Wenn du Grenzen überschreiten willst, mach diese drei Dinge konsequent
- ① Mach deine eigene Abteilungsarbeit richtig und schaffe dir täglich eine Stunde Spielraum. Viele vernachlässigen ihre Hauptaufgaben, weil sie in anderen Abteilungen herumschnüffeln – das ist der schnellste Weg, Vertrauen zu verlieren. Reduziere die Zeit, die du für langsame E-Mail-Antworten oder Routineaufgaben aufwendest, um eine Stunde freizuschaufeln. Diese Stunde zu nutzen, um in anderen Abteilungen einen Beitrag zu leisten, ist der grundlegende Move. Grenzen zu überschreiten, wenn die eigene Arbeit überläuft, ist schlichtweg beruflicher Selbstmord.
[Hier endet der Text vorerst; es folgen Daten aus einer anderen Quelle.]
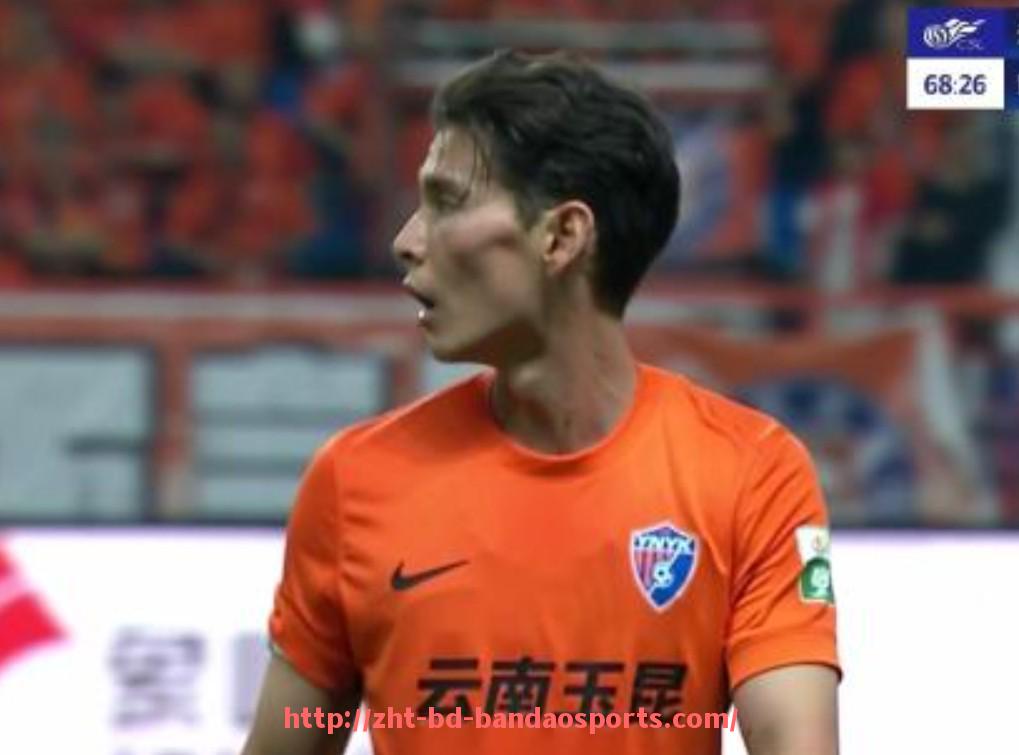 半岛体育-如何用英语介绍一位“CBA的足球明星”？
- ② Nimm die undankbaren Aufgaben an, die allen helfen. Es muss kein glanzvolles Projekt sein; undankbar ist sogar besser. Die ersten Anfragen aus anderen Abteilungen bearbeiten, regelmäßige Meetings moderieren oder Protokoll führen, unordentliche gemeinsame Dokumente oder Wikis organisieren oder Spezifikationen für die Geschäftsseite übersetzen. Jeder denkt, das sei „lästig“, aber jeder, der es macht, erntet garantiert Anerkennung. So verbreitest du die Erkenntnis: „Diese Person versteht unsere Sprache und ist nützlich.“
- ③ Nutze deine Kernkompetenz als Waffe. Wenn du nur Bälle aufsammelst, wirst du am Ende wie ein „Handlanger“ behandelt. Der erwähnte Herr A war kein Ingenieur, wurde aber als Profi im Projektmanagement respektiert. Wenn du zu einem Projekt eingeladen wirst, prüfe, ob es ein Thema ist, bei dem du mit deiner Expertise Mehrwert bieten kannst; wenn nicht, lehne höflich ab. Übernimm nicht alles; konzentriere dich auf Bereiche, in denen du Mehrwert bieten kannst. Diese Unterscheidungsfähigkeit ist ebenfalls ein entscheidender Punkt.
Zusammenfassung
- Ich glaube, dass „grenzüberschreitende Talente“ nicht etwas sind, das man dadurch wird, dass man sich bewegt; es bezieht sich auf einen Zustand, in dem man sein eigenes Fachgebiet so gut beherrscht, dass man über seine Grenzen hinausfließt.
- Wenn du denkst: „Meine aktuelle Abteilung ist langweilig, ich möchte mehr abteilungsübergreifend arbeiten“, könnte es sich lohnen, innezuhalten und nachzudenken. Kannst du bewusst einen „Spielraum“ in deinem aktuellen Job schaffen? Bist du bereit, mit Respekt zu den Profis der Nachbarabteilung zu sprechen?
- Wenn nicht, fang damit an, deine aktuelle Arbeit effizienter zu machen. Grenzüberschreitung kann danach kommen.